Şili'nin kalbi Santiago'ya uçma zamanı

Hem coğrafyası hem de kültürüyle Güney Amerika'nın kendine has ülkesi Şili'yi gezmek için en güzel mevsimdeyiz. Yaz mevsimini yaşayan güney yarım kürede, başkent Santiago'ya yolculuk için harika bir dönem.

Akşam Gazetesi

Dünya haritasını çıkarıp Şili'ye baktığınızda kendine has bir coğrafyaya sahip olduğunu hemen fark edersiniz. Yüzölçümü 756.945 km² olan Şili; her ne kadar Güney Amerika kıtasının kuzey-güney doğrultusunda Antarktika'ya kadar uzanan bir ülke olsa da, ortalama genişliği sadece 180 km'dir. Ülkenin en dar yeri (Antarktika'daki Şili toprakları sayılmazsa) 90 km iken en geniş yerinin uzunluğu 240 km kadardır. Avrupa ile kıyaslanacak olursa Danimarka'dan Sahra Çölü'ne uzanacak kadar bir mesafe kat edilir. Doğu-Batı mesafesi çok az olsa da bu iki uç arasında çok fazla rakım farkı oluşur. Ülke ayrıca kuzeyden güneye çok farklı iklim, bitki örtüsü ve coğrafi şekiller gösterir. Bu yüzden Şili, birçok kaynakta tezatlar ülkesi olarak anılır. Hakikaten de kuzeydeki çölü, Afrika'nın Sahara'sını, güneydeki kanalları Norveç kanallarını, Los Lagos'taki Osorno ve çevresi İsviçre Alplerini, Orta bölgeleri Akdeniz'i hatırlatmasıyla ayrıca Patagonya'daki buzullarıyla bu ismi hak eder.

MEYDANDAKİ YAPILARI GÖRÜN

Şili sadece coğrafyasıyla değil kendine has kültürüyle de tanınmaya değer bir ülke. Bu kültürü en iyi deneyimleyeceğiniz yerse hiç kuşkusuz başkent Santiago. Metropolitan Bölgesi sınırlarında kalan kentin nüfusu 5 milyon kişi olup, tüm Metropolitan Bölgesi'ndeki nüfus 7 milyondur. Kentte görülmeye değer pek çok yapı mevcut. Şehrin merkezindeki Plaza de Armas adlı meydan ve aynı yerdeki katedral, şehrin en eski kilisesi olan San Francisco Kilisesi gibi önemli yapılarındandır. Yine başkanlık sarayı La Moneda da bu binalara eklenebilir.

ŞEHRE TEPEDEN BAKMAK

Diğer görmeye değer bir yer de, şehrin tarihi merkezinde bulunan, bugün park olarak duran Santiago'nun ilk kurulduğu Santa Lucia Tepesi'dir. Yine arkasında Andlar'ın yükseldiği, raylı bir sistemle çıkılan ve içerisinde bir hayvanat bahçesinin bulunduğu San Cristóbal tepesi de ziyaret edilecek yerlerden birisidir. Şehrin geneli dümdüz bir yapıya sahip sadece iki tepe var; bunlardan birisi Santa Lucia Tepesi. Buraya yürüyerek çıkarsanız şehri hakim bir konumdan izleyebilirsiniz. Diğer tepe 22 metrelik Lekesiz Bakire Meryem (Virgen de la Immaculada) heykelinin olduğu Cerra San Cristobal. Burası Santa Lucia'yı da yukarıdan görüyor. Buraya çıkmak için bir finüküler var. Onu kullanabilirsiniz.

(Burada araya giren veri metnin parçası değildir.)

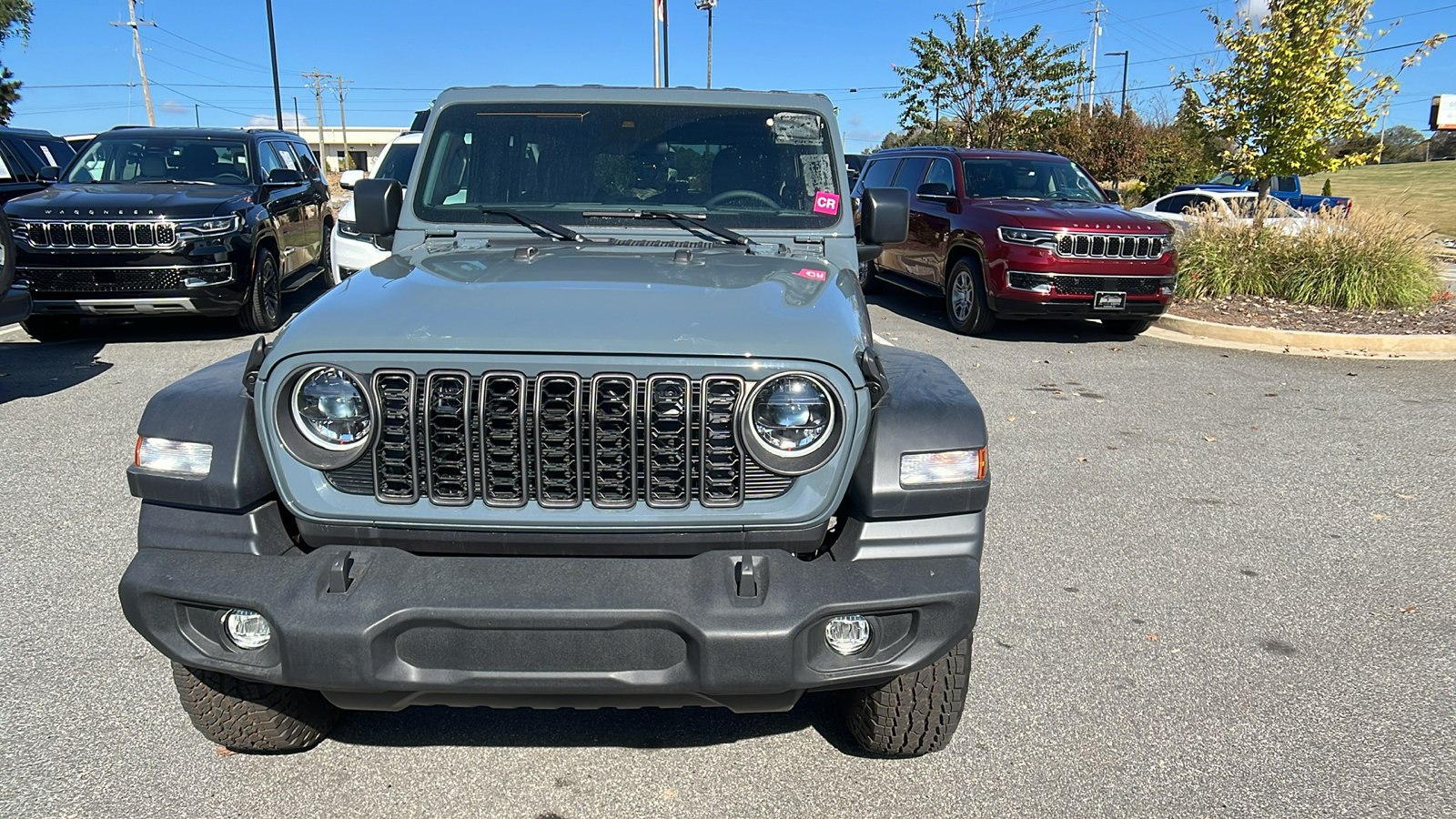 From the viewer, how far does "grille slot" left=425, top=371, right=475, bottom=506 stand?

TARİHİ BALIK PAZARINI GEZİN

Plaza de Armana'dan kuzey yönüne doğru Pasao Ahumada'yı takip ederseniz bu yol sizi şehrin önemli yapılarından biri olan Mercado Central'e götürür. Burası şehrin tarihi balık, sebze ve meyve pazarı. İçerisinde restoranlar da var ancak saat 17.00'de kapanıyor. Burayı turunuza mutlaka dahil etmelisiniz.

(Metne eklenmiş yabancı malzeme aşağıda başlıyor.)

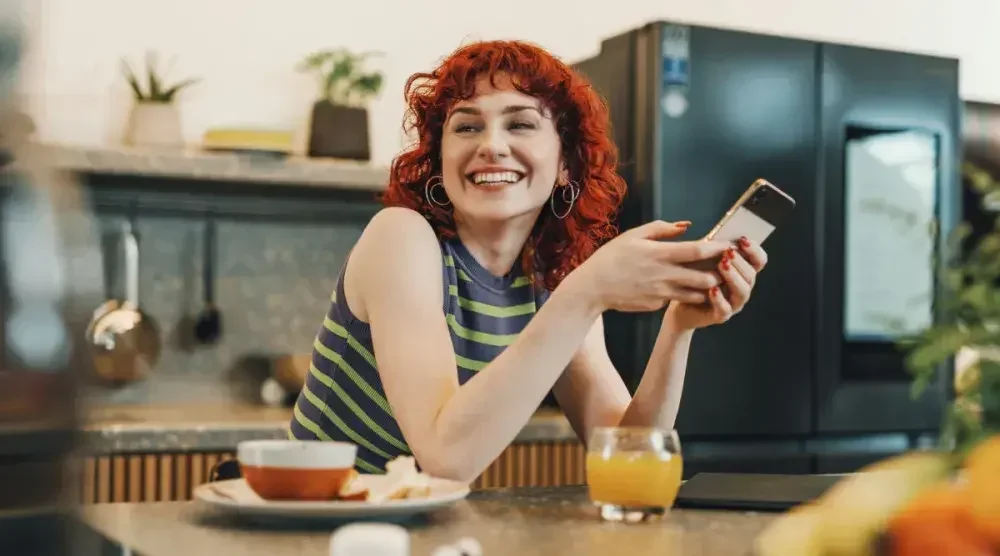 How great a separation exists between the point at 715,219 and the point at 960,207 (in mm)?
772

RENGARENK EVLERİYLE ŞİRİN BİR KASABA

Mapoco Nehri ile Cerra San Cristobal Tepesi'nin arasında yer alan Bellavista ağaçlıklı caddelerin arasında sıralanan parlak renkli evleri ile şirin bir kasaba görünümünde. Şehrin önemli hareket merkezlerinden birisi; Bellavista bölgesi. Buradaki caddelerden Pio Nono daha çok parasız üniversite gençlerinin müşterisi olduğu kafelerle doluyken hemen paralelindeki cadde olan Constutucion ise kaliteli mekan ve kafelerle dolu.